* _WHAT THE TASK ASKS_
From the line containing "Un calendario en" to the line containing "GRID Green Aventurine" in the entries below, reproduce every line exactly, ends included. Nothing else belongs in the copy, and no pictures.

TASK DATA section start

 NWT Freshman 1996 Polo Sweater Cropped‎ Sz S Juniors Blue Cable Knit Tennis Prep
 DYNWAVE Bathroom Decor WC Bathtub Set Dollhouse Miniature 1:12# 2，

TASK DATA section end
TASK DATA section start

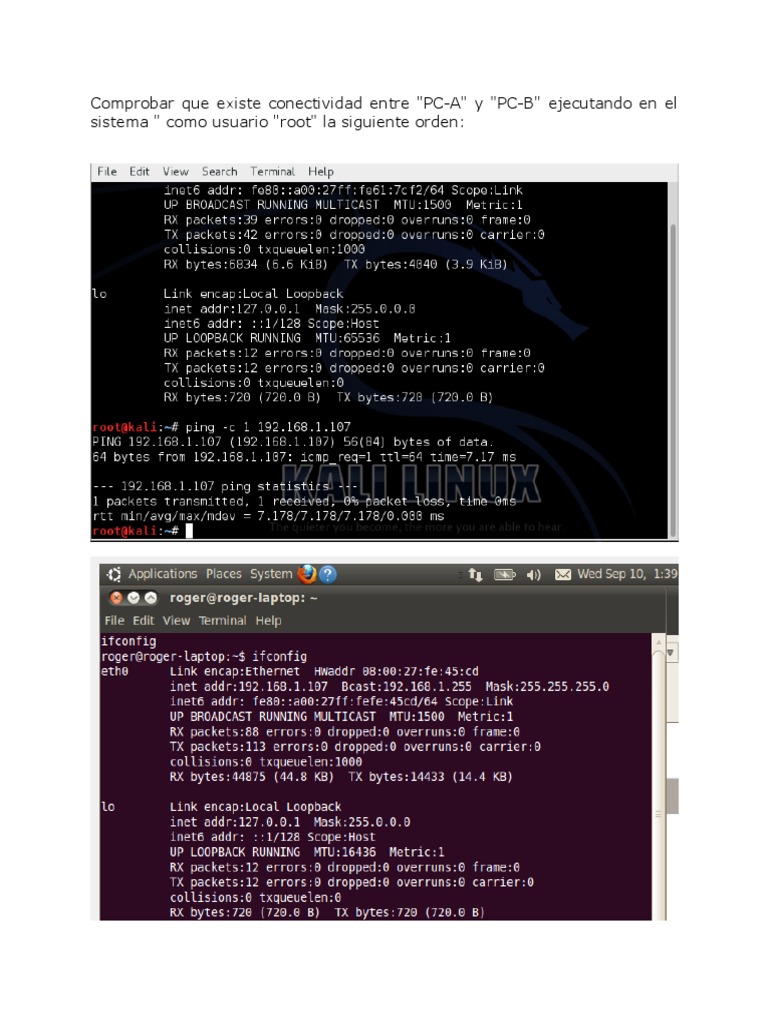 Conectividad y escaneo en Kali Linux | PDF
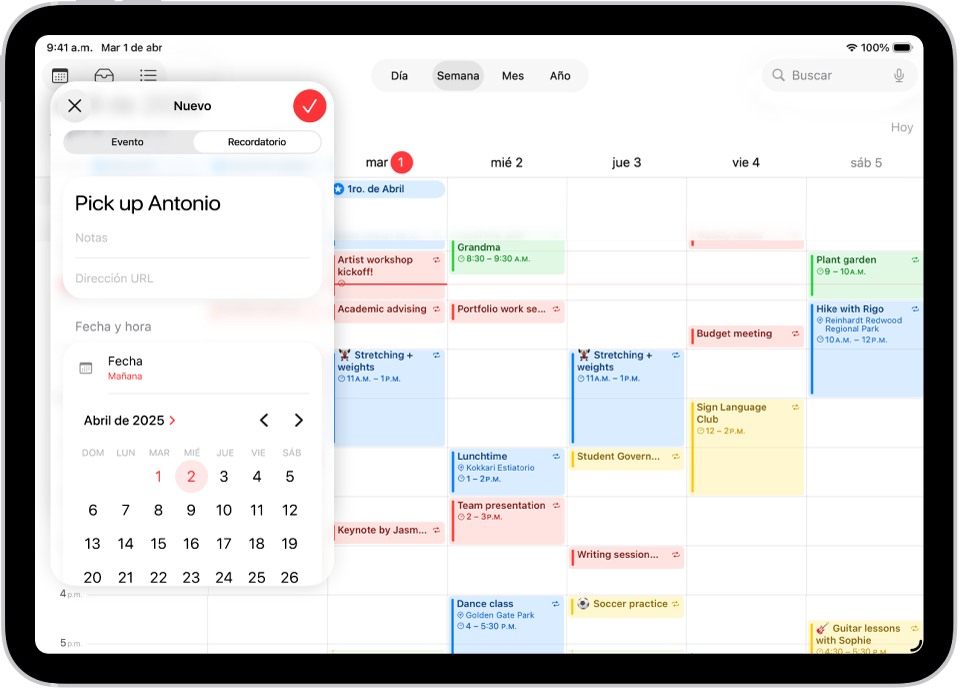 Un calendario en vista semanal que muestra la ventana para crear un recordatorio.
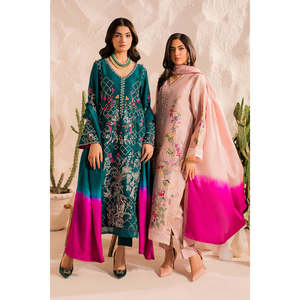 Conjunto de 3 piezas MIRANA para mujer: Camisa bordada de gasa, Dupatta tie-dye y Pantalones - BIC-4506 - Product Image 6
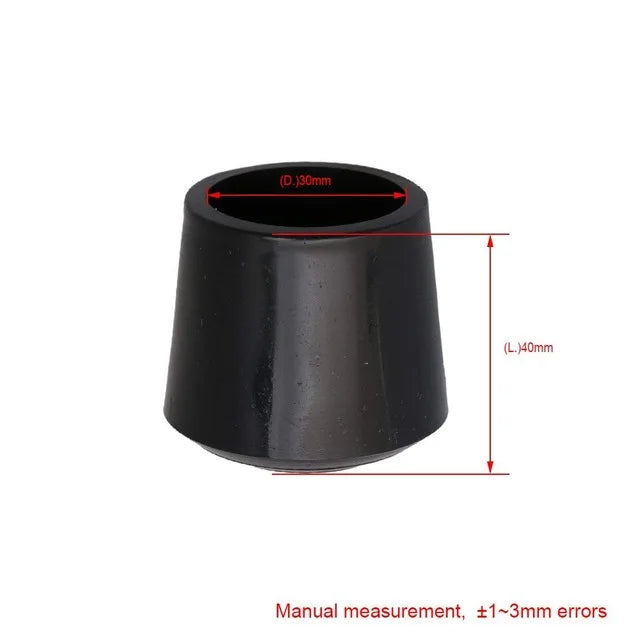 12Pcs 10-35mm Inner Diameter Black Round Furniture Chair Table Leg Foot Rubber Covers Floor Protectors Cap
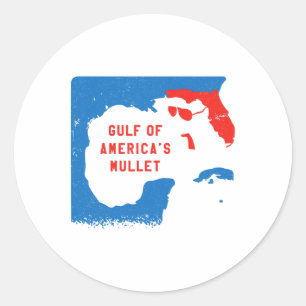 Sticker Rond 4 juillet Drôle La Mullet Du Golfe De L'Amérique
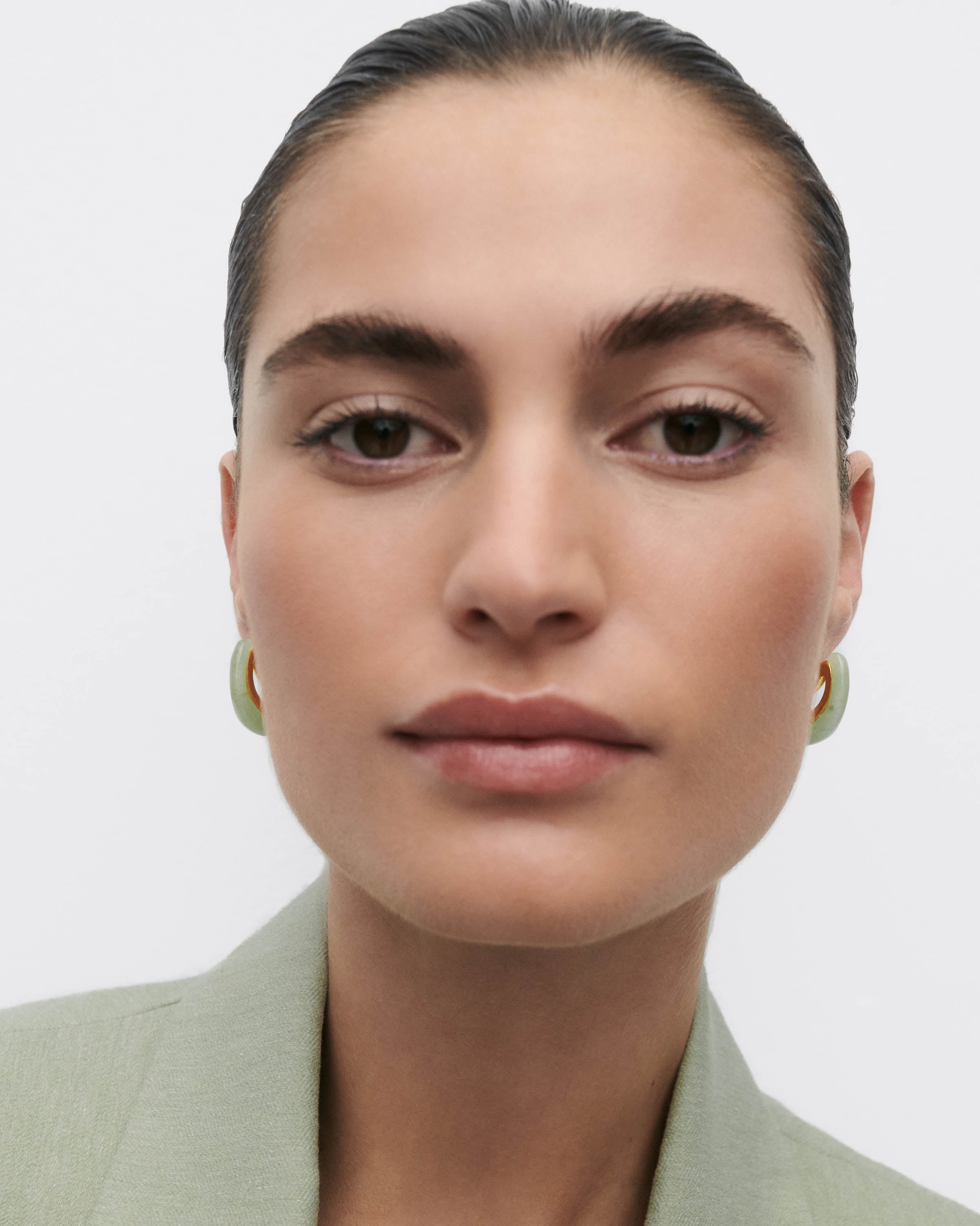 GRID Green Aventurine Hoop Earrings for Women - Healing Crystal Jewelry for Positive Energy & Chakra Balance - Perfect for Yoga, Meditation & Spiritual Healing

TASK DATA section end

* _SOLVED EXERCISE_
 Un calendario en vista semanal que muestra la ventana para crear un recordatorio.
 Conjunto de 3 piezas MIRANA para mujer: Camisa bordada de gasa, Dupatta tie-dye y Pantalones - BIC-4506 - Product Image 6
 12Pcs 10-35mm Inner Diameter Black Round Furniture Chair Table Leg Foot Rubber Covers Floor Protectors Cap
 Sticker Rond 4 juillet Drôle La Mullet Du Golfe De L'Amérique
 GRID Green Aventurine Hoop Earrings for Women - Healing Crystal Jewelry for Positive Energy & Chakra Balance - Perfect for Yoga, Meditation & Spiritual Healing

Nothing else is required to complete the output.